In this project, the change is in the expectation in terms of the impossibility of reaching a final form or knowing that you are always looking at a transitional form. At times, it feels like the duration of the project – the exhibition’s four months – means that the sculptures will eventually reach a final point but the fact is that this point does not exist.

Pivô: This project was meticulously planned. You made models, ran several tests and developed specific methods. The irony is that despite all this it is impossible to foresee the rosin’s behaviour up until the end of the exhibition. How do you relate to this uncertainty?

Paloma Bosquê: The preparation would be the same even if I knew the sculpture’s final outcome, as every single installation requires this type of planning, perhaps due to the scale and nature of occupying the space. The uncertainty is not the material’s behaviour. I have researched and, in fact, it is possible to have a certain idea and roughly calculate the desired outcome. However, it is the combination of factors that is crucial, and this we cannot predict accurately. It is not only a matter of weight, malleability or resistance. There is also room temperature, the vibration of the structures where the sculptures are placed and a series of environmental variables that are more or less uncontrollable. I am looking forward to seeing how the blocks react but I think the result will be less dramatic than it sounds. It is only about settling. But even so it is very exciting to have the freedom to experiment in this way and I think that, in this sense, this programme’s format is ideal.

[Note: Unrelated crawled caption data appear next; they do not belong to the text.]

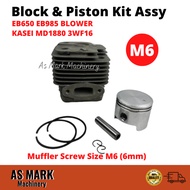 Block Piston Assy(48mm) Mist Blower Kasei MD1880 3WF16 V1800 EB650 OBL6600 SP2880 ST2288(48F)Ogawa 6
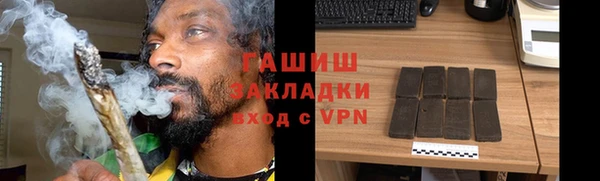 эйфоретик Верхний Тагил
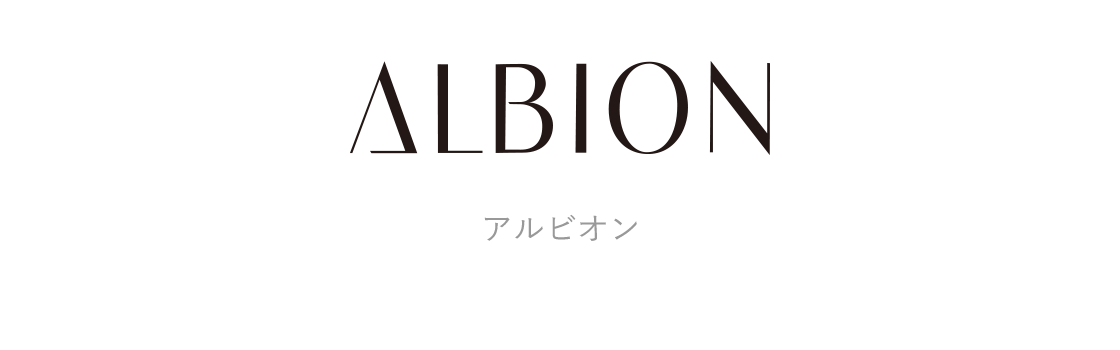 商品情報 | ALBION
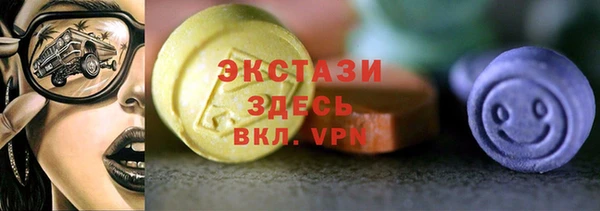 мефедрон мука Вязьма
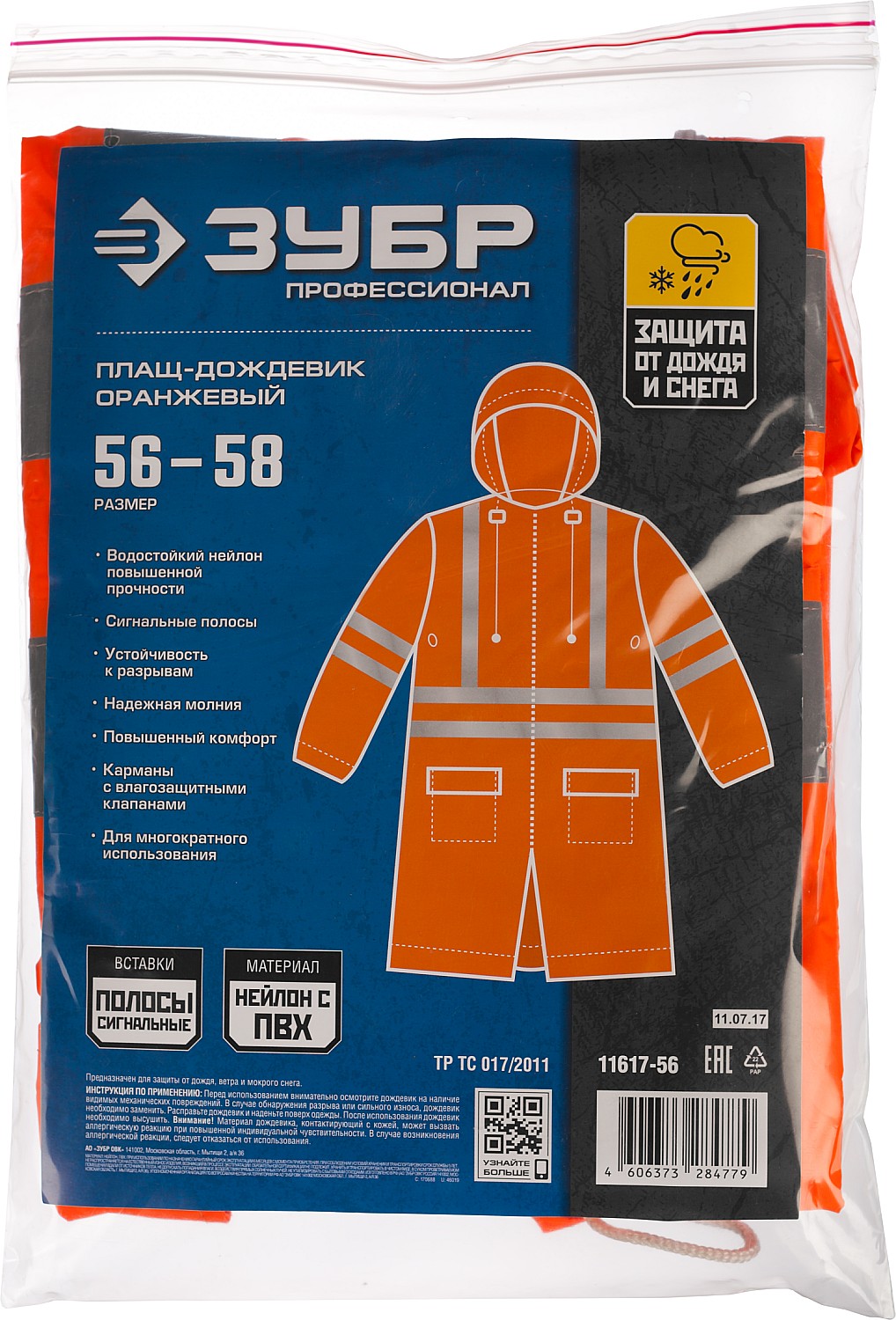ЗУБР нейлон, сигнальный цвет, р.56-58, плащ-дождевик на молнии, Профессионал (11617-56) — фото 8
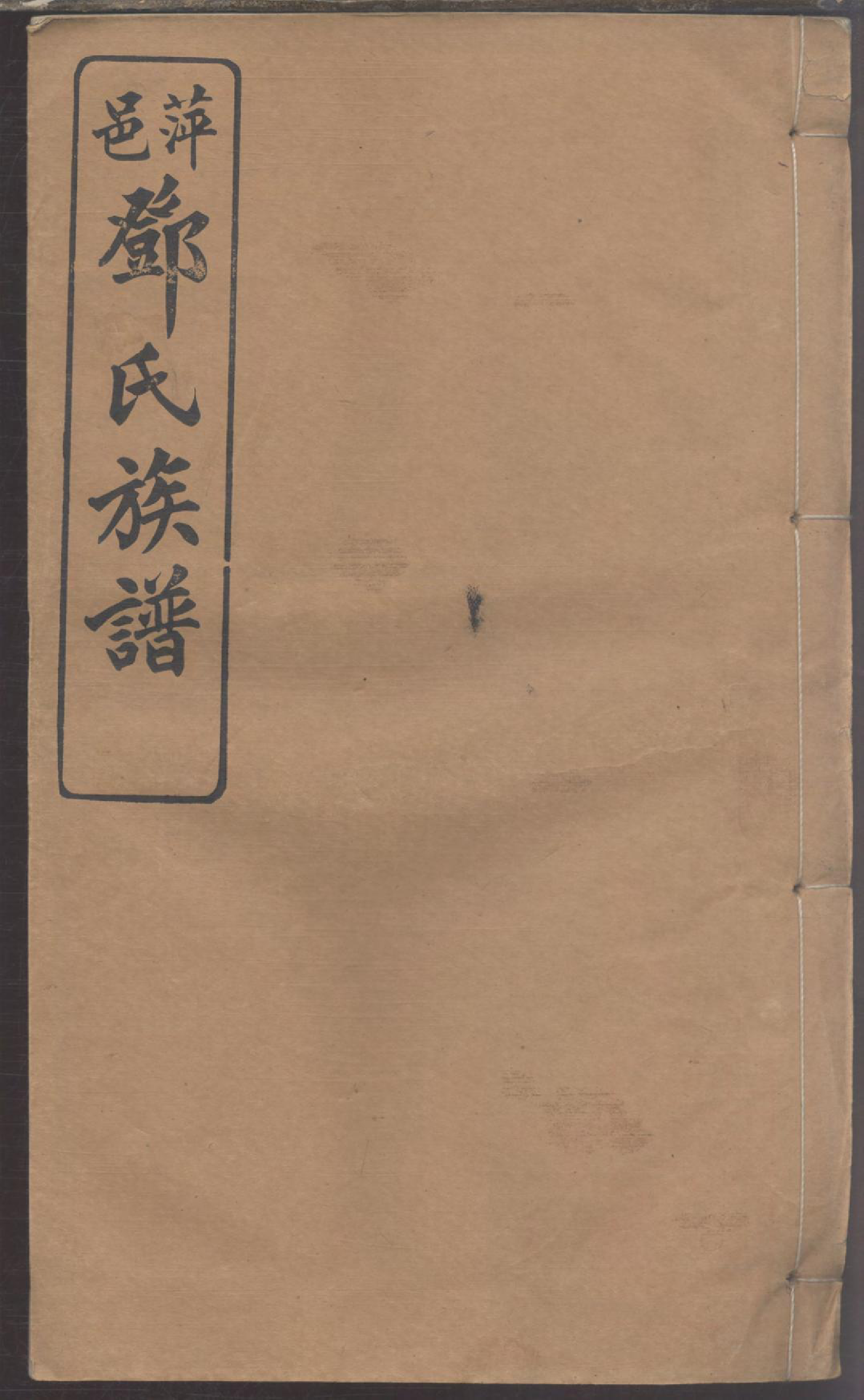 1186萍邑邓氏族谱_007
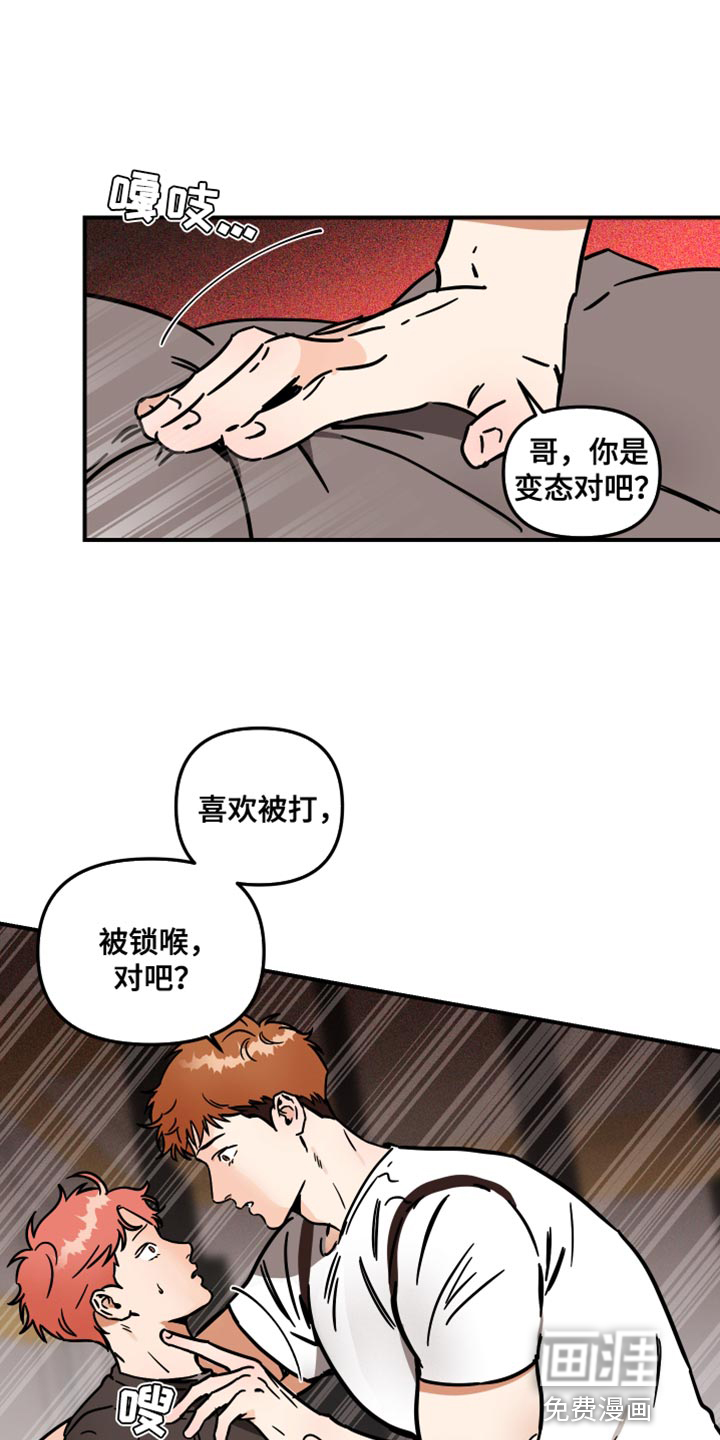 绝对理想型第29话图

Pivô: In the project’s presentation text I mention the unfathomable challenge of imposing a certain geometry to an amorphous material that is in constant transition. This type of imprecise geometry is recurrent in your work, in projects that come about on the edge of frustration, such as the reused squares of ‘Ritmo para Dois’ (Rhythm for Two) or ‘Projeto Cegueira’ (Blindness Project). I would like you to talk a little bit about how you see these issues reflected in this project.

Paloma Bosquê: In general, I have noticed that my practice derives from a somewhat absurd effort to give form to things, and this effort usually results in an interesting confrontation between materials. There are two different driving forces combined: a desire to produce forms and a confrontation with matter, such as in the series ‘Repetições’ (Repetitions) in which I attempt to give geometric shape to a gold leaf attached onto an irregular surface made of wax. The result is such that the gold leaf that was initially there to determine a geometric space ends up revealing the relief on the wax beneath it; revealing, therefore, the ‘imprecise geometry’ to which you are referring. The focus is the form that is possible within a certain material existence without imposing more than it can actually offer.

In particular, I think this project stems from a form ‘imposed’ by the casting of rosin into orthogonal moulds. This form reveals itself as a lie and over time it is undone. It is as if the material found its own ideal form; and as if the artwork was precisely this process of readjustment of the form.

Pivô: Another recurring theme in your work is the use of soft and flexible materials. In this case, even the metal selected is malleable. It is inevitable to think of the opposition between these materials and modern architecture, which carries the ideal of progress and the rigidity of concrete structures. How do you see the dialogue between the unstable structures you propose and the space inside Copan?

Paloma Bosquê: Using the space at Pivô is not a simple task, not only due to the fact that it is a residual space within the building but also due to the nature of the construction, which is full of curves and ramps.

The lack of straight angles in a space has always been disturbing to me, as the walls seem to push you to the centre. The corners of a room offer comfort, a literal vanishing point, and a refuge. A room with no corners is authoritarian. It is as if the space constantly forces you into the centre and, therefore, to the action or focus of attention. Modern architecture has a positive, progressive and imposing drive.

This work is the opposite of that. It is made of imprecise sculptures that, from the outset, reveal the incapacity to conform. They are soft materials that are practically useless in their regular form.